Bayesian Aggregation Simulatons

Author

Ilya Musabirov, Runce Zhang

library(rstanarm)
library(bayestestR)
library(dplyr)
library(insight)

Generating data and setting up simulation for the first study (Week 8 deployment), logistic with default WIP

main_effects = list(Hardness=0, Time=0, MentalContrast=0, GrowthMindset=0, Utility=0, ExtrinsicMotivation=0)

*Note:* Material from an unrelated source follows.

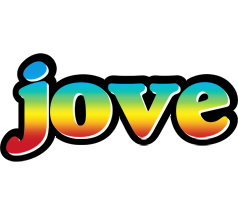 Jove color logo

week8_glm <- function(baseline, main_effects, N){
  
  Hardness <- sample(c(T,F), N, replace=TRUE)
  # Hardness = T => solving a hard problem will help you(right now/-) 
  # Hardness = F => solving another problem will help you(right now/-)
  
  Time <- sample(c(T,F), N, replace=TRUE)
  # Time = T => solving (a hard/another) problem will help you right now
  # Time = F => solving (a hard/another) problem will help you
  
  MentalContrast <- sample(c(T,F), N, replace=TRUE) 
  GrowthMindset <- sample(c(T,F), N, replace=TRUE) 
  Utility <- sample(c(T,F), N, replace=TRUE) 
  ExtrinsicMotivation <- sample(c(T,F), N, replace=TRUE) 
  
  y <- rbinom(N, 1, baseline)
  
  y[Hardness==T] <- rbinom(length(y[Hardness==T]), 1, main_effects[["Hardness"]])
  y[Time==T] <- rbinom(length(y[Time==T]), 1, main_effects[["Time"]])
  y[MentalContrast==T] <- rbinom(length(y[MentalContrast==T]), 1, main_effects[["MentalContrast"]])
  y[GrowthMindset==T] <- rbinom(length(y[GrowthMindset==T]), 1, main_effects[["GrowthMindset"]])
  y[Utility==T] <- rbinom(length(y[Utility==T]), 1, main_effects[["Utility"]])
  y[ExtrinsicMotivation==T] <- rbinom(length(y[ExtrinsicMotivation==T]), 1, main_effects[["ExtrinsicMotivation"]])
  
  model <- stan_glm(y ~ Hardness + Time + MentalContrast + GrowthMindset + Utility + ExtrinsicMotivation, family = "binomial") 
  return(model)
}

Testing simulation with lower-ish effects (utility and extrisic motivation are high), 600 students

main_effects = list(Hardness=0.05, Time=0.1, MentalContrast=0.2, GrowthMindset=0.2, Utility=0.3, ExtrinsicMotivation=0.4)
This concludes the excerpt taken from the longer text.